Balaji mentions various examples of One Commandments that would in turn create network states such as Keto Kosher (no sugar and low carbs), Digital Sabbath (no screen time 9PM-9AM), Keeping down with the Joneses (frugality, financial independence, saving by bulk-ordering with neighbors) or even Formalwear (people dressing outside nicely and formally like adults in the movies from 1960s).
Reversed diasporas and tornados that build homes from the clouds
Balaji’s has an amazing ability not just to produce plenty new good ideas, but also to distill concepts into catchy phrases and metaphors, while others spend volumes of books on them. I read thousand pages of Žižek. I respect him. But I get more from one podcast with Balaji.
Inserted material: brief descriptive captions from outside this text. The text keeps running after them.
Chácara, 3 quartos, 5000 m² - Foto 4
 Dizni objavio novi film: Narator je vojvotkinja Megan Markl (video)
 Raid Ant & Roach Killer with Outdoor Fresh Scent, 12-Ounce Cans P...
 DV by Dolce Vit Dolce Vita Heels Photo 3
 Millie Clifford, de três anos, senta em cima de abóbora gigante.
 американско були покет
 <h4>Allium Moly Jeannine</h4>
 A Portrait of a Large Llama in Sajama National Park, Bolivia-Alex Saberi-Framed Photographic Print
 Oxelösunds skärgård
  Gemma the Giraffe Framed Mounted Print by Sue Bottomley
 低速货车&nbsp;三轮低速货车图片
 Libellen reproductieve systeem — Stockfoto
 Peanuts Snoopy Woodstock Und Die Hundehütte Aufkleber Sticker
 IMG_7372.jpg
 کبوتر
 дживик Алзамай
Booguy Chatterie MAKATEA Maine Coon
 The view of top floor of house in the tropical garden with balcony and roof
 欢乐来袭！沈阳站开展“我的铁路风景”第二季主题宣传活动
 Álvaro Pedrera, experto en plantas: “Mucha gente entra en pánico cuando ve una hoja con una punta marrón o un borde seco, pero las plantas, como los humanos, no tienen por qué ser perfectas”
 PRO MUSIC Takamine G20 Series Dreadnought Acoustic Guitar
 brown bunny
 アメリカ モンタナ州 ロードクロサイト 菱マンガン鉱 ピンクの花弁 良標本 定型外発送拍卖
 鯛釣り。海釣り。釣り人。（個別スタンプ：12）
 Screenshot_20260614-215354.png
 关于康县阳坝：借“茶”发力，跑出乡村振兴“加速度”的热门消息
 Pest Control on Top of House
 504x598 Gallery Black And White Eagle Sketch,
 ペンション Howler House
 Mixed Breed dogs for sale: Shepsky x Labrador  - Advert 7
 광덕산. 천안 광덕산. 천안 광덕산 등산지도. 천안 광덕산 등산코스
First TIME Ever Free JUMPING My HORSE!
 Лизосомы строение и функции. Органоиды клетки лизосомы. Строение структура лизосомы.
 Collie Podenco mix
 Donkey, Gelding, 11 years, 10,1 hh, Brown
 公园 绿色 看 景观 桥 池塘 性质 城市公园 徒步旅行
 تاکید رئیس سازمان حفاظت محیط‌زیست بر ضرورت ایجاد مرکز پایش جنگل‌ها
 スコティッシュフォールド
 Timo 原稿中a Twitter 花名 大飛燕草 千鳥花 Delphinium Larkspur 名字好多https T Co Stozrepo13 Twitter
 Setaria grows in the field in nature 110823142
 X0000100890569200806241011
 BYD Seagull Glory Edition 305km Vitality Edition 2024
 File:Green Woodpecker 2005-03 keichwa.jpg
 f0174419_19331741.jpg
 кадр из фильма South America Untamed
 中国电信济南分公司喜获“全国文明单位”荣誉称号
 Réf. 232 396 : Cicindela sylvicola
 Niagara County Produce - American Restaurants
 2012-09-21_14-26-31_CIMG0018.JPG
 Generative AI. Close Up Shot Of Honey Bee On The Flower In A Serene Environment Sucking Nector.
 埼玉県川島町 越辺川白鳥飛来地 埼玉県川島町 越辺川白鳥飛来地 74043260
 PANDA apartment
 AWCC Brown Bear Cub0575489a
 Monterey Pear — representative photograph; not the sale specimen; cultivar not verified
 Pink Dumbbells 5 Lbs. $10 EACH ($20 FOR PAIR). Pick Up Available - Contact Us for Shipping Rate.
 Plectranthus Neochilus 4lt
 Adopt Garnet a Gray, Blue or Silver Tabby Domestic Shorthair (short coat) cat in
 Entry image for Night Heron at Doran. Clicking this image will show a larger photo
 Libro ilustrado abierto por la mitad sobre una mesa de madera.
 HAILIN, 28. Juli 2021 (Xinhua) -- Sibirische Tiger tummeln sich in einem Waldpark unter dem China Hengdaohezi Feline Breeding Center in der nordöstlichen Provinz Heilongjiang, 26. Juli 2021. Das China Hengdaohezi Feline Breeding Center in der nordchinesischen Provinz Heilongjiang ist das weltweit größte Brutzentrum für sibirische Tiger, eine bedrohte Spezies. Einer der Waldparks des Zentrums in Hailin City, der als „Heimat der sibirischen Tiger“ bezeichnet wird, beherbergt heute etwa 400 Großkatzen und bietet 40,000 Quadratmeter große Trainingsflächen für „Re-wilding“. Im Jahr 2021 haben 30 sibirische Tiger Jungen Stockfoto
One such fascinating metaphor is a reversed diaspora, describing network state (cloud first, land last) and a reversed tornado - what the DeFi should be about – using massive capital in the cloud to building startup societies and network states in the physical world.
Alexander Bard has a term imploitation meant as a reversal of exploitation, meaning being patient, improving and refurbishing, aiming and gradual and optimal solutions. This is very similar to Balaji’s idea of optimalism.
If the battle today is between the Woke Capital and the CCP Capital, between the anywheres and the somewheres, between anarchy and control, between voice and loyalty, people will look for the third option – for the exit and for the everywheres – digital nomads that are at home everywhere physically, because they can blend in and are sensitive of fractal localism, but at the same time have their capital city in the cloud and a clear moral compass powered by web3.
Balaji Srinivasan thinks network states with web3 will provide this promise of exit. I also think network states, starting from humble startup society with one founder and a laptop, scaling through network unions into network archipelagos and even gaining diplomatic recognition, can and will become Hansa havens for moral and technological optimalism and protopianism.
If nation states where fighting over geosphere, network states will nurture the noosphere. Because noopolitics is about synthesis, not conflict. It’s not about destroying or digesting other cultures. It is about syngesting them into new effective Hegelian syntheses.
It’s still about borders, backlinks and behaviors. But cloud first, land last.